From dd8da8c5f6ac525a7456437913a03f68d4504605 Mon Sep 17 00:00:00 2001
From: Erik Johnston <erik@matrix.org>
Date: Tue, 26 Jan 2021 13:57:31 +0000
Subject: Precompute joined hosts and store in Redis (#9198)

---
 changelog.d/9198.misc                     |   1 +
 stubs/txredisapi.pyi                      |  12 +++-
 synapse/config/_base.pyi                  |   2 +
 synapse/federation/sender/__init__.py     |  50 +++++++++-----
 synapse/handlers/federation.py            |   5 ++
 synapse/handlers/message.py               |  42 ++++++++++++
 synapse/replication/tcp/external_cache.py | 105 ++++++++++++++++++++++++++++++
 synapse/replication/tcp/handler.py        |  15 +----
 synapse/server.py                         |  30 +++++++++
 synapse/state/__init__.py                 |  11 +++-
 tests/replication/_base.py                |  41 +++++++-----
 11 files changed, 265 insertions(+), 49 deletions(-)

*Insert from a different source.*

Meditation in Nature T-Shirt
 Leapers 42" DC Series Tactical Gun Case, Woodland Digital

 create mode 100644 changelog.d/9198.misc
 create mode 100644 synapse/replication/tcp/external_cache.py

(limited to 'synapse/state')

diff --git a/changelog.d/9198.misc b/changelog.d/9198.misc
new file mode 100644
index 0000000000..a6cb77fbb2
--- /dev/null
+++ b/changelog.d/9198.misc
@@ -0,0 +1 @@
+Precompute joined hosts and store in Redis.
diff --git a/stubs/txredisapi.pyi b/stubs/txredisapi.pyi
index bdc892ec82..618548a305 100644
--- a/stubs/txredisapi.pyi
+++ b/stubs/txredisapi.pyi
@@ -15,11 +15,21 @@
 
 """Contains *incomplete* type hints for txredisapi.
 """
-from typing import List, Optional, Type, Union
+from typing import Any, List, Optional, Type, Union
 
 class RedisProtocol:
     def publish(self, channel: str, message: bytes): ...

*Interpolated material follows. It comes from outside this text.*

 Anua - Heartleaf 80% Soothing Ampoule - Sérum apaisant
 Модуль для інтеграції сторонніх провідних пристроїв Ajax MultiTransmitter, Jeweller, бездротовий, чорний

     async def ping(self) -> None: ...
+    async def set(
+        self,
+        key: str,
+        value: Any,
+        expire: Optional[int] = None,
+        pexpire: Optional[int] = None,
+        only_if_not_exists: bool = False,
+        only_if_exists: bool = False,
+    ) -> None: ...
+    async def get(self, key: str) -> Any: ...
 
 class SubscriberProtocol(RedisProtocol):
     def __init__(self, *args, **kwargs): ...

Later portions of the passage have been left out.